Le ulteriori successive certificazioni mediche erano posteriori di sette anni, sicchè era da escludere qualunque collegamento con le precedenti diagnosi.
L’unico motivo di ricorso denunzia violazione e falsa applicazione dell’art. 2087 c.c. e si conclude con un quesito di diritto nel quale si chiede a questa Corte di “statuire in merito all’applicazione dell’art. 2087 c.c. e in specifico se tale norma verta in ipotesi di responsabilità contrattuale, e pertanto se incomba sul datore di lavoro provare di avere adempiuto correttamente la propria prestazione mentre alla lavoratrice compete unicamente provare la lesione subita e il nesso di causalità tra questa e la prestazione lavorativa”.
Il ricorso è inammissibile, in quanto tardivo, come eccepito nel controricorso.
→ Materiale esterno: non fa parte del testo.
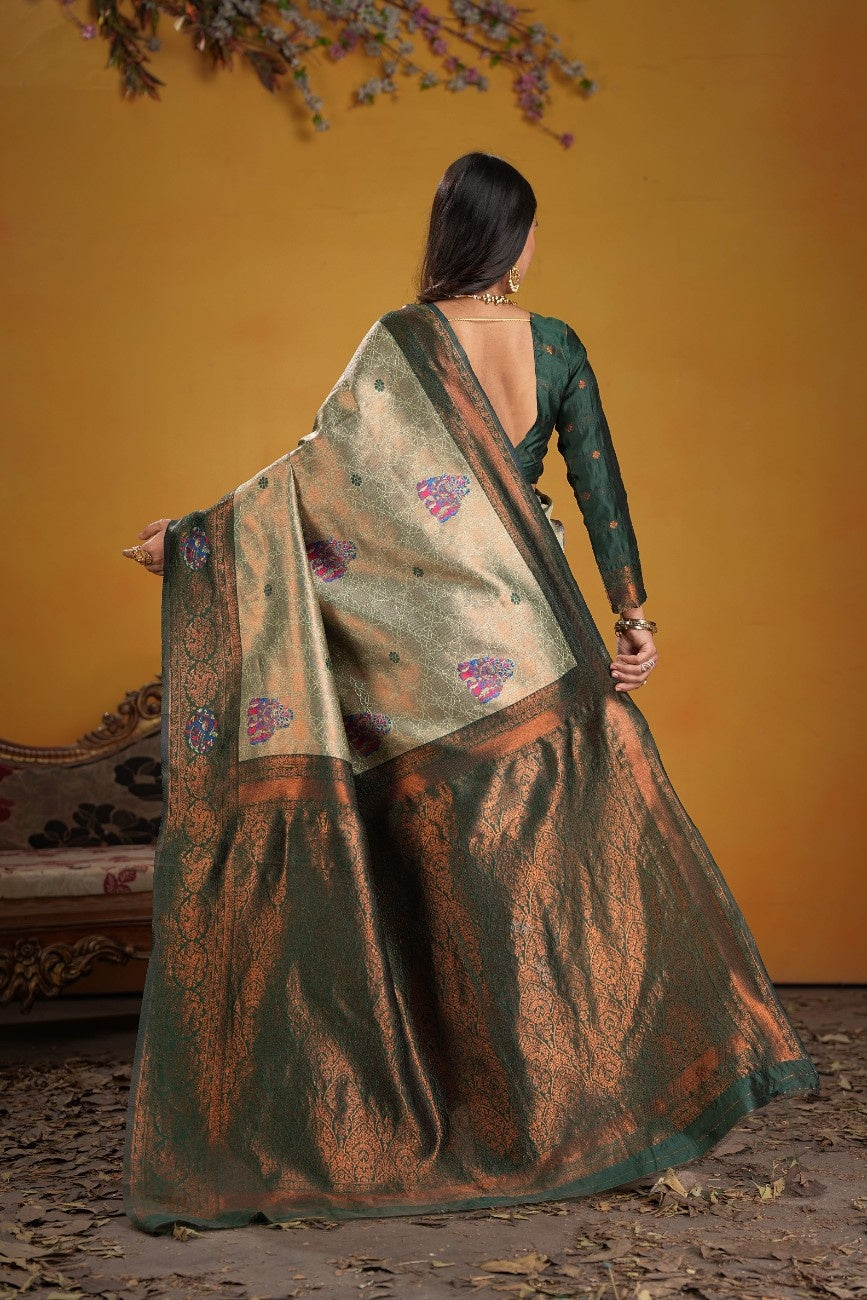 Kanjeevaram Silk Rich Pallue With Contrast Blouse Weaving Silk Saree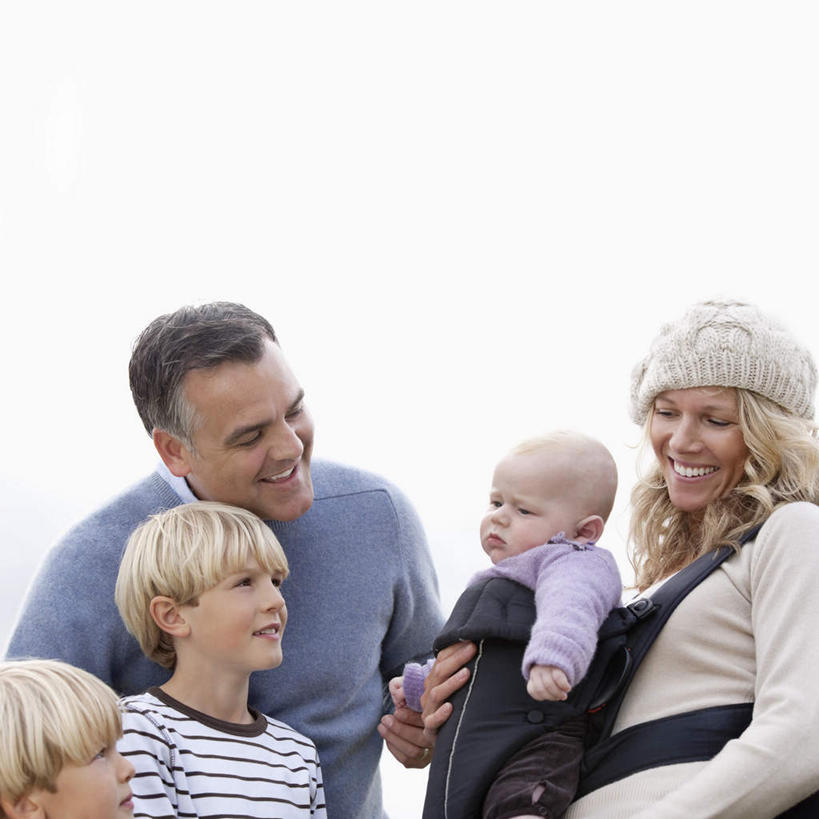 西方人,婴儿,儿童,中年人,家庭,夫妻,母亲,父亲,儿子,站,笑,微笑,露齿笑,方图,室内,白天,白色背景,正面,爱情,纯洁,帽子,欧洲,欧洲人,五个人,服装,许多人,浪漫,注视,休闲装,小孩,衣服,观察,看,站着,一群人,休闲,温暖,温馨,父子,母子,一家人,休闲服,恩爱,父爱,可爱,母爱,童年,童趣,恋人,摄影,服饰,活泼,影棚,观看,和睦,察看,关注,宝宝,童真,纯真,烂漫,无邪,棉帽,伶俐,天真,男孩,男人,男性,女人,女性,中年男性,中年女性,白种人,孩子,夫妇,情侣,站立,半身,彩图,影棚拍摄,拍摄,伴侣,融洽,男生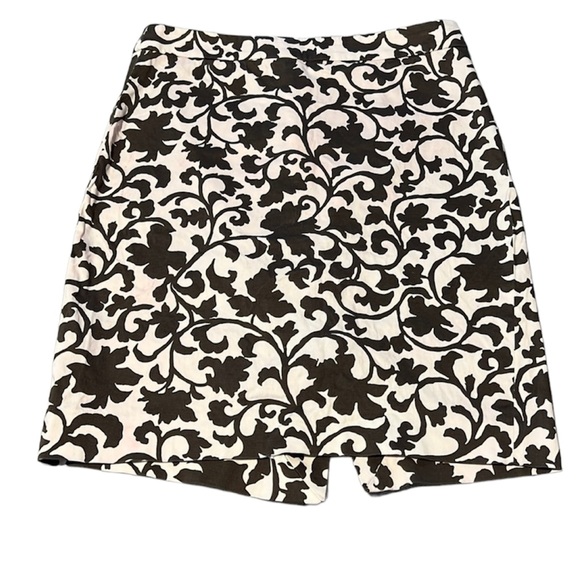 J. Crew Dresses & Skirts - J. Crew Stretch Floral Pattern A-Line Mini Skirt With Zipper Size 6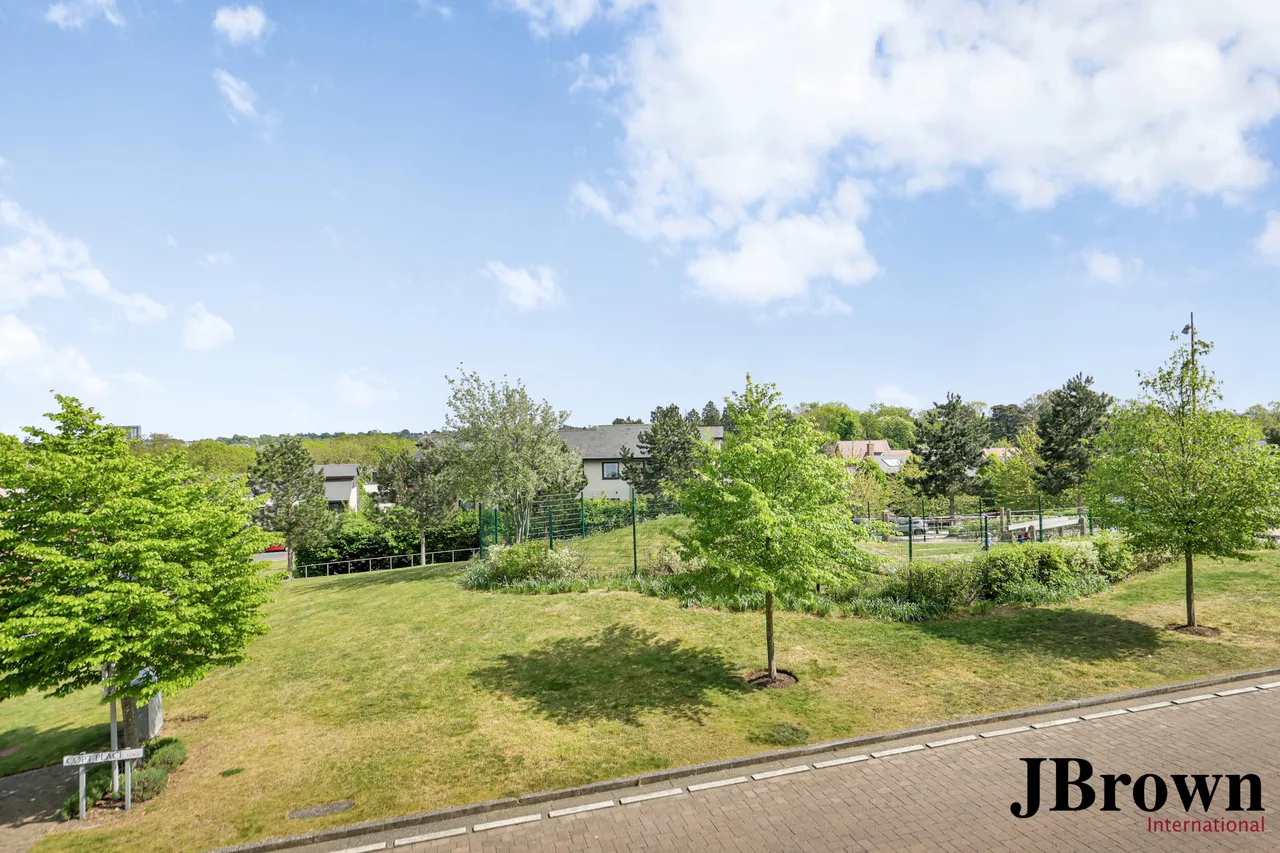 Stamford Building, Millbrook Park, NW7, photo 9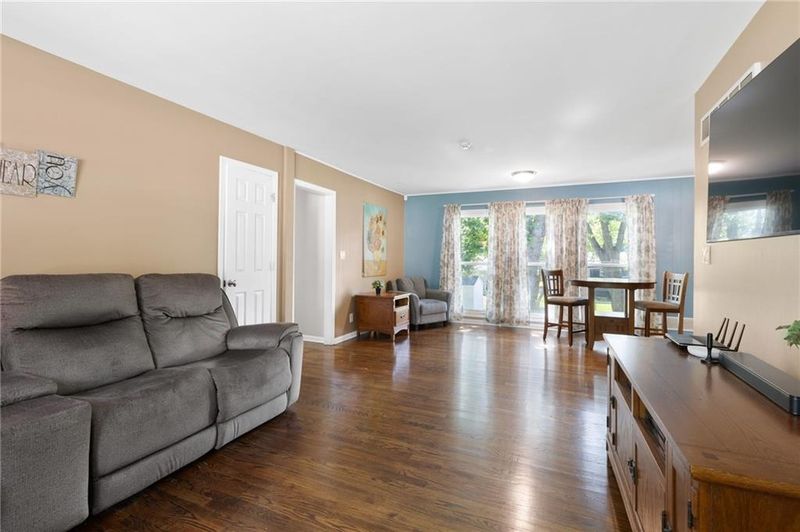 9624 Kessler St, Overland Park, KS 66212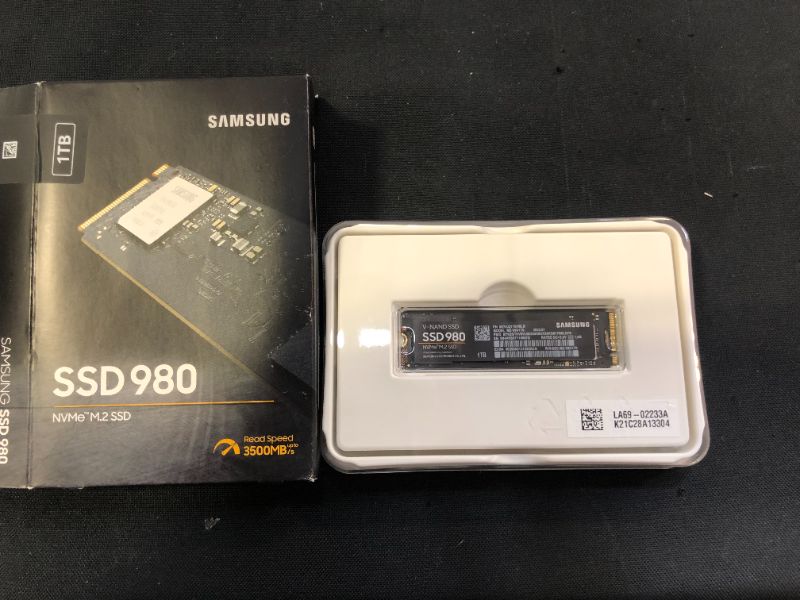 Photo 2 of SAMSUNG 980 PRO SSD 1TB PCIe 4.0 NVMe Gen 4 Gaming M.2 Internal Solid State Hard Drive Memory Card, Maximum Speed, Thermal Control, MZ-V8P1T0B
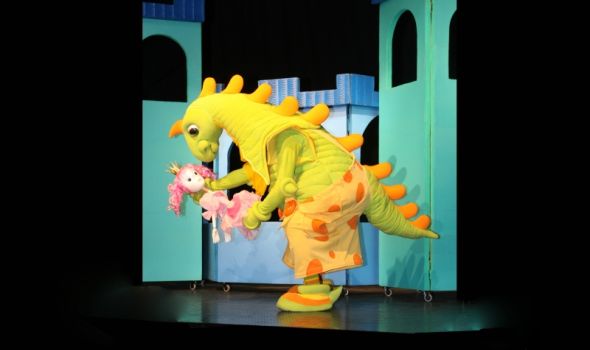 Predstava “Ah, taj zmaj” u Pozorištu za decu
La sentenza impugnata è stata resa pubblica mediante deposito in cancelleria, nel testo completo di dispositivo e motivazione, il 30 settembre 2008.
Il ricorso per cassazione è stato avviato alla notifica a mezzo del servizio postale il 13 novembre 2009, e quindi oltre il termine di cui all’art. 327 c.p.c., nel testo allora vigente, termine che, trattandosi di controversia di lavoro non è soggetto a sospensione feriale.
La parte ricorrente deve esser condannata alla spese del giudizio.
P.Q.M.
Dichiara inammissibile il ricorso; condanna la parte ricorrente alle spese in Euro 30 per esborsi, ed in Euro 3000 per onorari, oltre ad IVA, CPA e spese generali.
Così deciso in Roma, il 28 aprile 2011.